[WHAT IS BEING ASKED] Each line below from the "Body Contouring Before" line through the "Tea Tree Acne" line, those two included, must be restated word for word; the pictures must not be.

[DATA FOR THIS EXERCISE]
━━━━━━━━━━━━━━━━━━━━━━━━━━━━━━
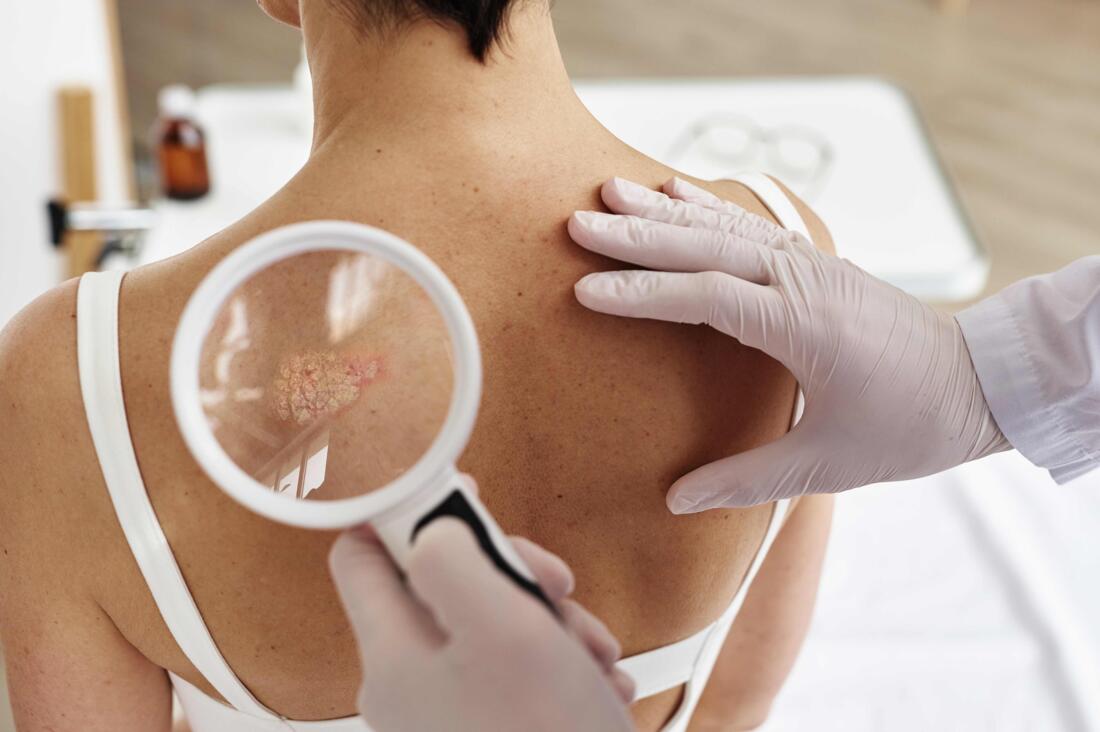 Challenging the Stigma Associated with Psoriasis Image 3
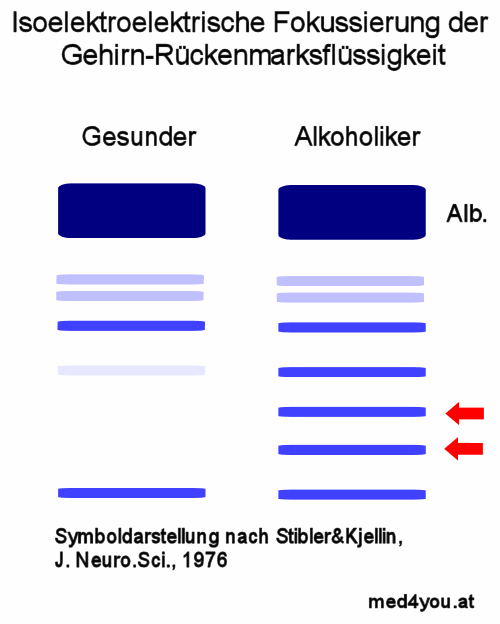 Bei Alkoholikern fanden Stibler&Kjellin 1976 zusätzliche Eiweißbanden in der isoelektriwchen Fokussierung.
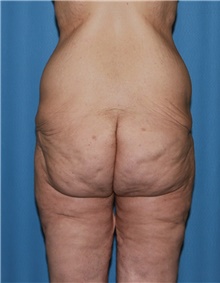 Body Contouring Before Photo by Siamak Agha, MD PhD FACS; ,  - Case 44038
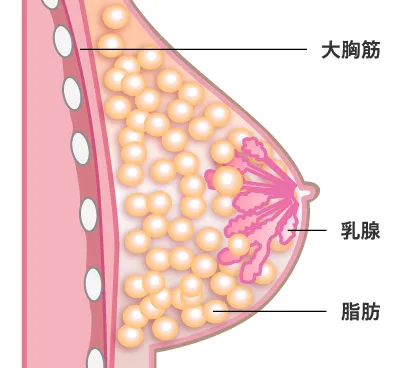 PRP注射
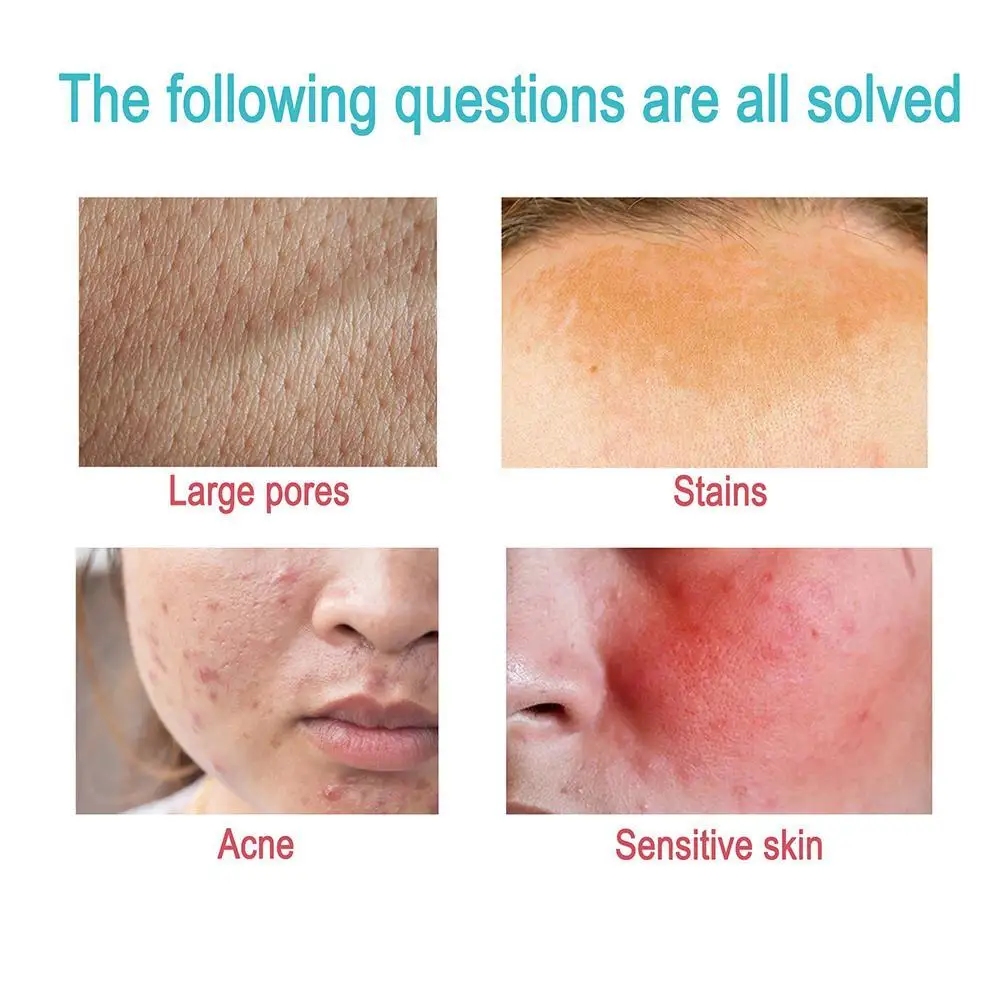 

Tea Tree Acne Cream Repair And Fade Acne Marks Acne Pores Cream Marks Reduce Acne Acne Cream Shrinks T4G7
━━━━━━━━━━━━━━━━━━━━━━━━━━━━━━
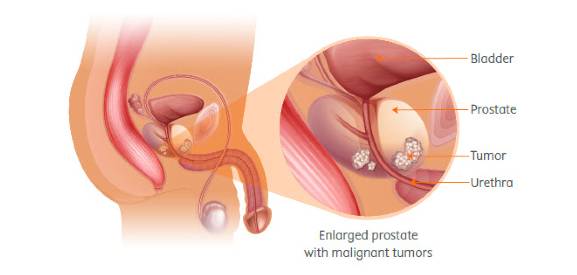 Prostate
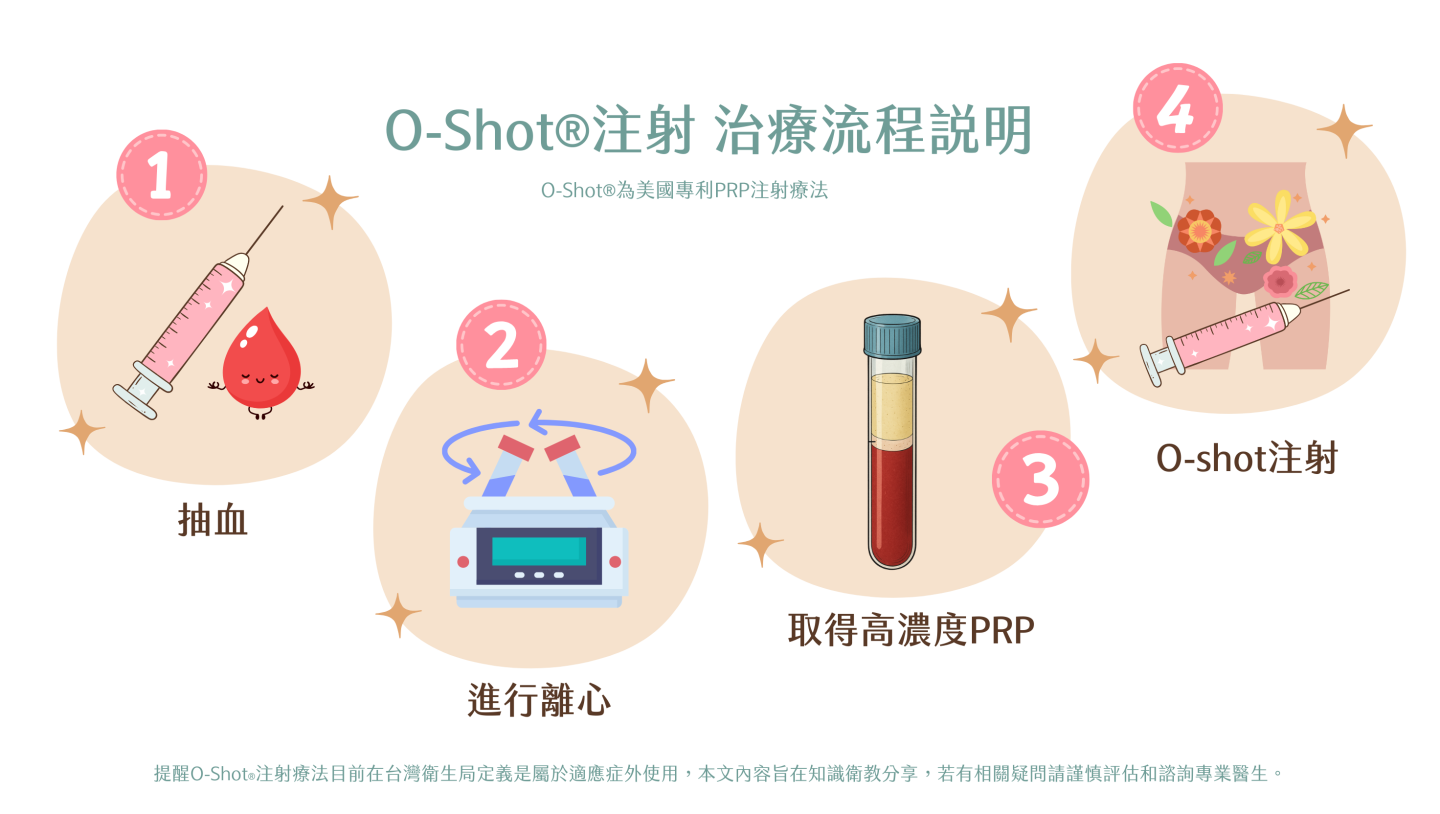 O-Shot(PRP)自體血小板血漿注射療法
━━━━━━━━━━━━━━━━━━━━━━━━━━━━━━
[ANSWER BELOW]
 Body Contouring Before Photo by Siamak Agha, MD PhD FACS; ,  - Case 44038
 PRP注射

Tea Tree Acne Cream Repair And Fade Acne Marks Acne Pores Cream Marks Reduce Acne Acne Cream Shrinks T4G7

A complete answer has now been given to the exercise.